__SUPPLIED DATA__:

----------------

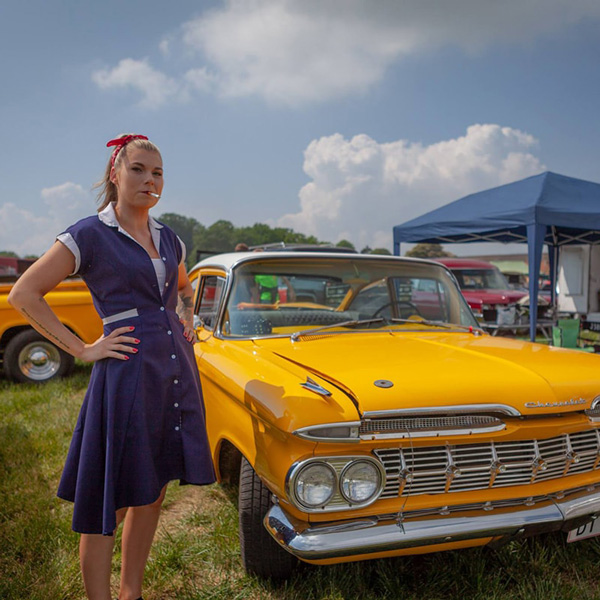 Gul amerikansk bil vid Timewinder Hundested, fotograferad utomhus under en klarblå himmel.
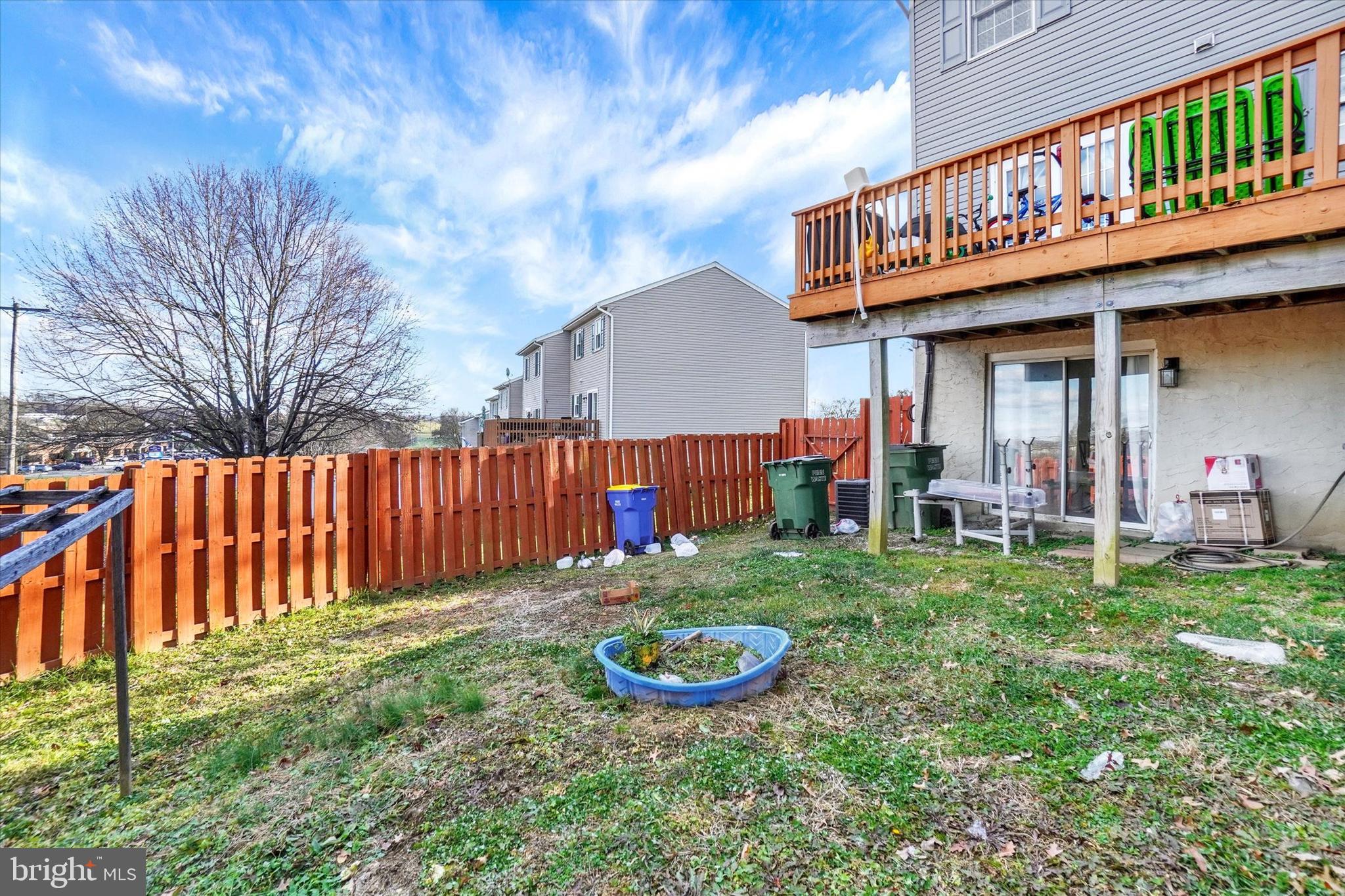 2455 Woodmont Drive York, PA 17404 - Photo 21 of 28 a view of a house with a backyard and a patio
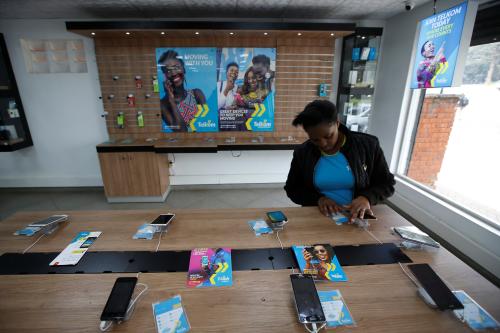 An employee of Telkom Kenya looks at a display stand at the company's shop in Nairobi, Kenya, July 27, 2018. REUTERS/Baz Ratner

----------------

__EXERCISE PROMPT__: Set down exactly, line for line, the data from the line that contains "2455 Woodmont Drive" through its last line, keeping pictures out.

__RESULT__:
 2455 Woodmont Drive York, PA 17404 - Photo 21 of 28 a view of a house with a backyard and a patio
 An employee of Telkom Kenya looks at a display stand at the company's shop in Nairobi, Kenya, July 27, 2018. REUTERS/Baz Ratner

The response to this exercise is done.